START Material to process

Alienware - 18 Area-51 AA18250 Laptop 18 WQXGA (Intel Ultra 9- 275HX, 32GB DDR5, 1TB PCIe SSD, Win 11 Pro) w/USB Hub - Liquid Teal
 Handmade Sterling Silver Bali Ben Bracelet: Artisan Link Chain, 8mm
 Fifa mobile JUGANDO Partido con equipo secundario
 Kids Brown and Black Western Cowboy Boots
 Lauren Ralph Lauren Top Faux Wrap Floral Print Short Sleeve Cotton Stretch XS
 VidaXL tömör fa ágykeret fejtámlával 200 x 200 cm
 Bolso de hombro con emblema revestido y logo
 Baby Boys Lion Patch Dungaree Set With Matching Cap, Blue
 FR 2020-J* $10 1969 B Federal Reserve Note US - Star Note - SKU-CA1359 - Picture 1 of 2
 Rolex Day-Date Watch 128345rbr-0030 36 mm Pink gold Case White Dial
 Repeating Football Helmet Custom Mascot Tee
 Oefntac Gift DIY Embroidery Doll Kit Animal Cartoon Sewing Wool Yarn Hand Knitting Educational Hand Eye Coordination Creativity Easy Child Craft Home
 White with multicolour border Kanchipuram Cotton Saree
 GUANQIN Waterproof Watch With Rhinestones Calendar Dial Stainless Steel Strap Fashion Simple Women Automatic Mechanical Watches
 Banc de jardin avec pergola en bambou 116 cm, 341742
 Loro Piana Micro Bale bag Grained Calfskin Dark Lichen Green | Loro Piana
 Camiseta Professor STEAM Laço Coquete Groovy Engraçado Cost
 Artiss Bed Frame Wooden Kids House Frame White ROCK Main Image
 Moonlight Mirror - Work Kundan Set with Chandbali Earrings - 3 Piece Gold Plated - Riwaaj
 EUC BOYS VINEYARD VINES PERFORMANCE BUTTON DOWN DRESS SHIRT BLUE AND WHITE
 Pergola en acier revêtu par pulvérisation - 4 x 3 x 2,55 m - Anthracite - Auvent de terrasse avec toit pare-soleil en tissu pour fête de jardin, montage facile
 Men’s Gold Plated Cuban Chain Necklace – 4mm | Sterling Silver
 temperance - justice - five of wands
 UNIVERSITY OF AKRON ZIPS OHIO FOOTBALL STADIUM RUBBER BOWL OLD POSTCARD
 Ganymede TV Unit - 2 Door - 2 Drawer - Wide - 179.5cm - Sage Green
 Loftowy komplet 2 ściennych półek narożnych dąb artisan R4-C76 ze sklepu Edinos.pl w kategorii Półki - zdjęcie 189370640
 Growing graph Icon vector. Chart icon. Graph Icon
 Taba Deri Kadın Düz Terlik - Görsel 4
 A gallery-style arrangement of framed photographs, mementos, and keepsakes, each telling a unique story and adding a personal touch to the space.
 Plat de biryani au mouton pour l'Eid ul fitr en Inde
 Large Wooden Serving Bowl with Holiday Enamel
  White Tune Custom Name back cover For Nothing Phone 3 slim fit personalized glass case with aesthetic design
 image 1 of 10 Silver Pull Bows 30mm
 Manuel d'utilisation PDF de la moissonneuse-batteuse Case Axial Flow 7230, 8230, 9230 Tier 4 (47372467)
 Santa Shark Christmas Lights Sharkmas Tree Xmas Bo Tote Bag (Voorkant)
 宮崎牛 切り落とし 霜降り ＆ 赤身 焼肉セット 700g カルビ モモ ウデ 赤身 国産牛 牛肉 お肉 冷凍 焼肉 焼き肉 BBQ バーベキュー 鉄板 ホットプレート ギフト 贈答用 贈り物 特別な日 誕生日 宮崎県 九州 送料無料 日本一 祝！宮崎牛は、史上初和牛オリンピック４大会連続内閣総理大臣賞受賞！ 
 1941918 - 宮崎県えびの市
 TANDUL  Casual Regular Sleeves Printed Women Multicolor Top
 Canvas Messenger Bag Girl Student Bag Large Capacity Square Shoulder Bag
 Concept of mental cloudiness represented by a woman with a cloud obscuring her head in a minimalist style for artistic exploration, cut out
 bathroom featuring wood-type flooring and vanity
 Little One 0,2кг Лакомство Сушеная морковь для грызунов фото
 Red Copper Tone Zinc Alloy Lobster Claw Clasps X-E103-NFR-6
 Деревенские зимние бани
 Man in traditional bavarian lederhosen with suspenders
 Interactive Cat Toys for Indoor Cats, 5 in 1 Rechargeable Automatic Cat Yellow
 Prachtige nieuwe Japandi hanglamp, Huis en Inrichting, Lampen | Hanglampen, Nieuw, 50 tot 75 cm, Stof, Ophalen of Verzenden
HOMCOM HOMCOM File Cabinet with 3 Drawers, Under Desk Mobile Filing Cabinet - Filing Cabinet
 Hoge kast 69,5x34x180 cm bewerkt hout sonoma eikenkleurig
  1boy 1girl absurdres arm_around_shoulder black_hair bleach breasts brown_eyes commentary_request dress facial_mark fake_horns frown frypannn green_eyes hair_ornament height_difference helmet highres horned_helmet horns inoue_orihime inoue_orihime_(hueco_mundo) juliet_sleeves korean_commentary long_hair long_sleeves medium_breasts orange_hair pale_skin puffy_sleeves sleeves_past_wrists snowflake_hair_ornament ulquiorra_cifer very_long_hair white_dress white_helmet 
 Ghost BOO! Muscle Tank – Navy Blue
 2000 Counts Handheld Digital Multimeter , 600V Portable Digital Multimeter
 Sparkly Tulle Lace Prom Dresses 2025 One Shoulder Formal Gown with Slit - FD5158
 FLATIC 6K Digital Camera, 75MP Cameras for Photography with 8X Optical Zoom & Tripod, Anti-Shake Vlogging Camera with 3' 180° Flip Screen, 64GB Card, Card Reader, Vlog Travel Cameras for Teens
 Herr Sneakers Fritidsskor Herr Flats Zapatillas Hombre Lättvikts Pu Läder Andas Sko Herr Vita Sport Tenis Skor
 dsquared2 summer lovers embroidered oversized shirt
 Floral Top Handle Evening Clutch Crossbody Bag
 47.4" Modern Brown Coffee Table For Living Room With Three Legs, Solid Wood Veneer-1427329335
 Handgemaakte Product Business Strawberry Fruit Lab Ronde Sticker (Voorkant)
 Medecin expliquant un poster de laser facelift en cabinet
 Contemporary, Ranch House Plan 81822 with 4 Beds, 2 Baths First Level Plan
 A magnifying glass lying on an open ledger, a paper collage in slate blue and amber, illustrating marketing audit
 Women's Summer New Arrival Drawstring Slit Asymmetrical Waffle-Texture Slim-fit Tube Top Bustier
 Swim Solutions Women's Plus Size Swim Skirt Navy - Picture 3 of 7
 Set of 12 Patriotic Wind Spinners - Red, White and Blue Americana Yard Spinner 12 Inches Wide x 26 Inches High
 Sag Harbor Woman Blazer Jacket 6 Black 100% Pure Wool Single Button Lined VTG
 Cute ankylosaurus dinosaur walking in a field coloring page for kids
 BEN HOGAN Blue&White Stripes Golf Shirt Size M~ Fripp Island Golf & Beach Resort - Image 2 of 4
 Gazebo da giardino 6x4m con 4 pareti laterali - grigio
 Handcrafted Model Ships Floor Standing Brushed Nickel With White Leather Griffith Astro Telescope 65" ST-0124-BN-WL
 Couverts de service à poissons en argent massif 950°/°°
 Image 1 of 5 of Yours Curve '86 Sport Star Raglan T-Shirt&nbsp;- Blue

END Material to process

- **Aim of the exercise**: Give back, word for word, only the lines above from the line holding "Moonlight Mirror - Work" to the line holding "EUC BOYS VINEYARD", both included.

- **Answer to the problem**:
 Moonlight Mirror - Work Kundan Set with Chandbali Earrings - 3 Piece Gold Plated - Riwaaj
 EUC BOYS VINEYARD VINES PERFORMANCE BUTTON DOWN DRESS SHIRT BLUE AND WHITE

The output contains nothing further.